I shall not say much more. I have some sympathy for the new clause—requiring the information does not seem particularly onerous. The drafting could be made better but I end by saying that we have had experience of a failure of investment in my own constituency. I hope that Yorkshire Water will apologise, finally, and compensate my constituents who have been flooded two years running. Perhaps my constituents would not need that if we had felt more able to assess adequately the company’s performance, through access to all the information. I look forward to hearing what the Minister has to say.
Mr Gray, it is a pleasure to serve under your chairmanship. My colleagues and I have spoken at length about putting the consumer at the heart of the matter. These clauses work along those lines, making sure that information about providers is public, thereby making providers accountable to the customers they serve. It would make clear the principle that in the water market the bottom line should be the level of service provided to customers and not the water company’s profits.
Profit margins in the water industry are extremely high. Ofwat’s latest figures show that 30% of a household’s water bill is profit. We may compare that to the energy sector, where operating profits are around 9%. Altogether, therefore, water companies made £1.9 billion in profit last year, yet as these profits have risen, so have bills. Some 2.6 million households now spend 5% or more of their income on water. Rising water bills are part of the cost of living crisis that is affecting my constituents badly. Many of them would be very angry to hear that almost a third of their bill goes into padding profits or paying large dividends to shareholders. They would see it as evidence that the market is working for their supplier, not for them, and they would be right.
New clauses 33 and 45 would enable Ofwat to intervene in the consumer’s interest and decide when prices are not working for the average household, reopening a price review, if necessary, to address any unfairness. These clauses would also require water companies to make their corporate structures and tax arrangements available for scrutiny by Ofwat. Earlier this year, it was revealed that Yorkshire Water had paid no corporation tax on its £186 million profit. Thames Water made £127.7 of profit and paid no corporation tax. This story was broken by the Sunday Times. It should not be up to the national press to reveal these figures. Companies should have a duty to be absolutely up front about their tax arrangements. We should leave it to the regulator and the public to decide whether those arrangements are fair. There can be little doubt that such arrangements leave the consumer worse off. For example, some companies have taken to financing themselves with increasing levels of debt, which is borrowed through offshore tax havens to ensure no tax is paid. The interest on the loans is estimated to add as much as a third to bills in some areas.
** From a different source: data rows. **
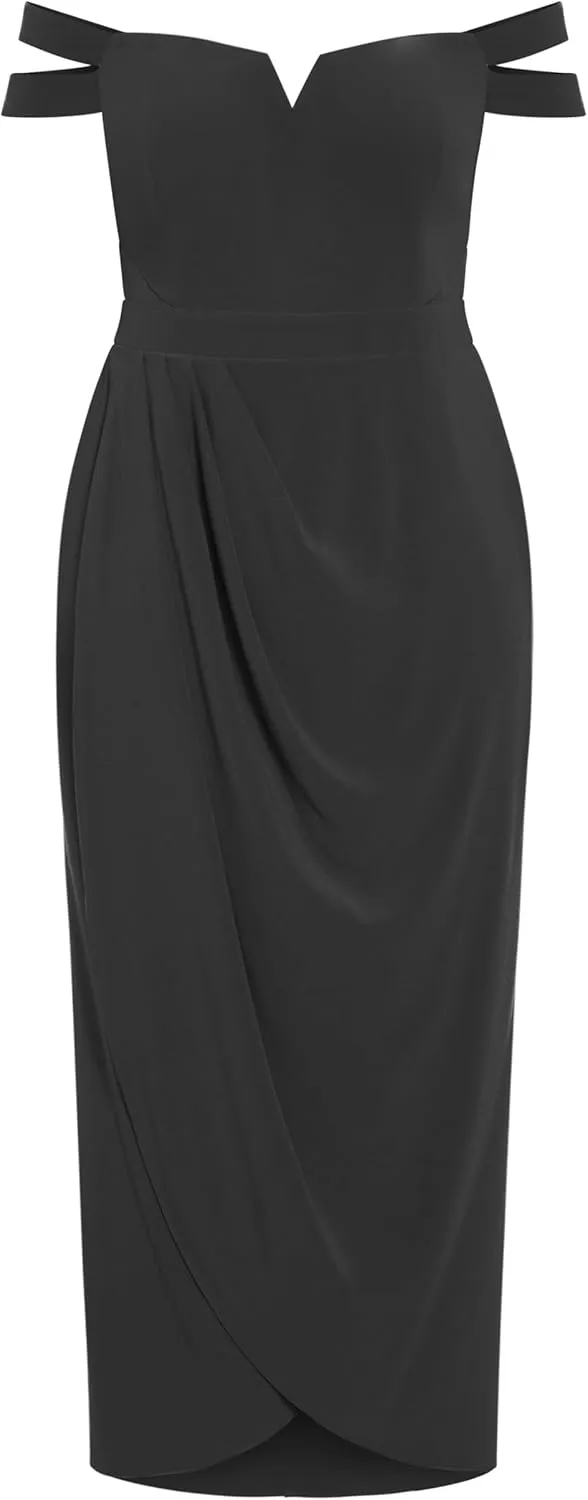 City Chic Women's Plus Size Rosa Love Dress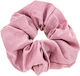 Novita Women's Oversize Satin Hair Scrunchy Pink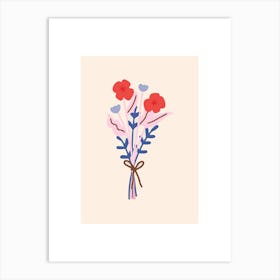 Bouquet Of Flowers 44 Art Print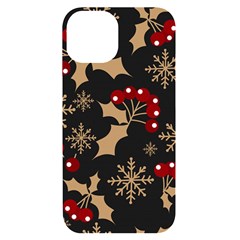 Dinosaur Colorful Funny Christmas Pattern Iphone 14 Black Uv Print Case by Ket1n9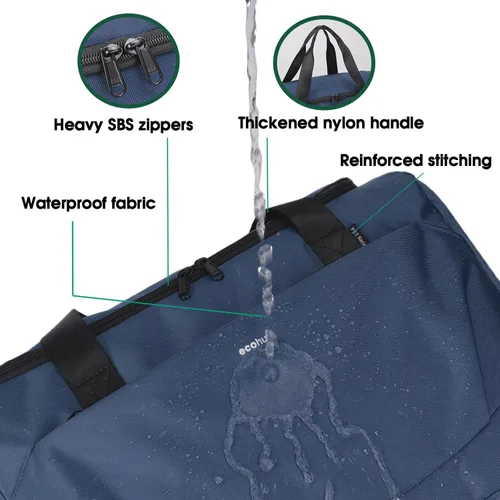 Vista 4 de ECOHUB Para Spirit Airlines - Bolsa de artículos personales de 18 x 14 x 8 pulgadas, plegable, artículos esenciales de viaje, bolsa de viaje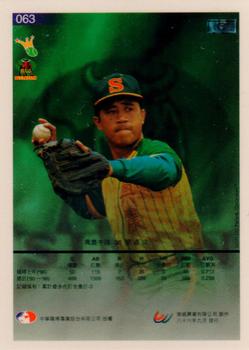 1996 CPBL Pro-Card Series 3 - Baseball Hall of Fame - Gold #63 Yen-Cheng Chen Back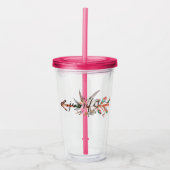 Personalisierter Blumenpfeil Acryltrinkbecher (Vorderseite)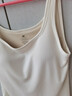 ubras【虞書(shū)欣同款】羅紋辣妹短款吊帶背心女可外穿打底 【方領(lǐng)帶杯背心】白色 M 曬單實(shí)拍圖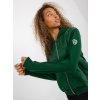 Tmavě zelená prošívaná bomber mikina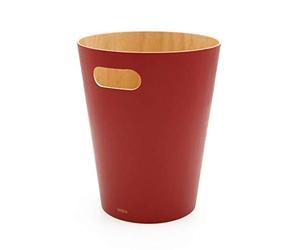 Umbra 082780-505 - Papelera de madera, color rojo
The chair of Ofwat warned that many of the industry’s business practices do not stand the public interest test and will damage public trust in the industry, and I agree. Customers see money being funnelled out of their bank accounts and into the coffers of water companies, which award it to their shareholders, use it to bump up executive pay or take it out of the country altogether. People rightly call for Ofwat to take action, and the new clauses we have proposed would empower it to do just that.
It is a pleasure to serve under your chairmanship, Mr Gray. I want to speak briefly because, to some extent, we have had this discussion previously.
New clause 33 does not exactly go to the heart of the problem with the water industry, but it deals with part of it. The biggest problem for the industry and the Government is the yawning gap between their view and the public view of the industry. There is a chasm between the two: the Government are perfectly happy for the industry to continue under private ownership, and they are happy, to a degree, for it to continue under its present mode of operation, but the view among voters is that public ownership is the best solution.
I am more than happy to recognise that, in supporting public ownership, I am in a minority on either side of Parliament, but, out in the country, I would be part of the majority. The problem is that it is not sustainable to have such a chasm between the Government perception and the popular perception or to have, to some extent, a divide between Parliament generally and the public, with the public view at odds with Parliament’s view. There are not that many issues on which there is such a sharp contradiction between the views of Parliament and the views of the people. I can think of only a handful, and one that springs to mind is our membership of the EU, where there is a clear contradiction between the view of Parliament, including Conservative Members, and the view of the public. There are one or two other issues, and rail ownership springs to mind. A lot of the public perception of the water companies springs from the view that they are owned and run on behalf of a small wealthy and powerful elite, who, to a large extent, are faceless and unaccountable. That is what the new clause is intended to deal with.
We heard the speech from the hon. Member for Brigg and Goole a few minutes ago. Last week, I mentioned speeches by the hon. Members for Skipton and Ripon (Julian Smith) and for Dover (Charlie Elphicke). I do not expect Conservative Members to find it particularly easy to attack—perhaps that is a bit strong; let us say “be highly critical of”—the private sector in the way certain hon. Members have been. However, those hon. Members were moved to say what they have, because they find it outrageous that water bills are increasing way faster than the rate of inflation and the dividends being paid are enormous. What particularly sticks in people’s craws is that the salaries in the water industry are enormous, and we have executives—this is happening on a fairly large scale—earning, or rather being paid, salaries of about £1 million a year. The hon. Member for Brigg and Goole may secretly be a revolutionary socialist seeking to bring down the system from within, but I suspect—[Interruption.] Perhaps he sells the Socialist Worker outside his local railway station on a weekend, but I doubt it. I suspect he is just being honest about what his constituents face, and that applies to many hon. Members who have contributed to our debates, including the debate in Parliament on, I think, 5 November. That has to be dealt with. To a degree, the new clause would deal with the public perception, which is so at odds with the way the Government and those in the industry itself see the water industry.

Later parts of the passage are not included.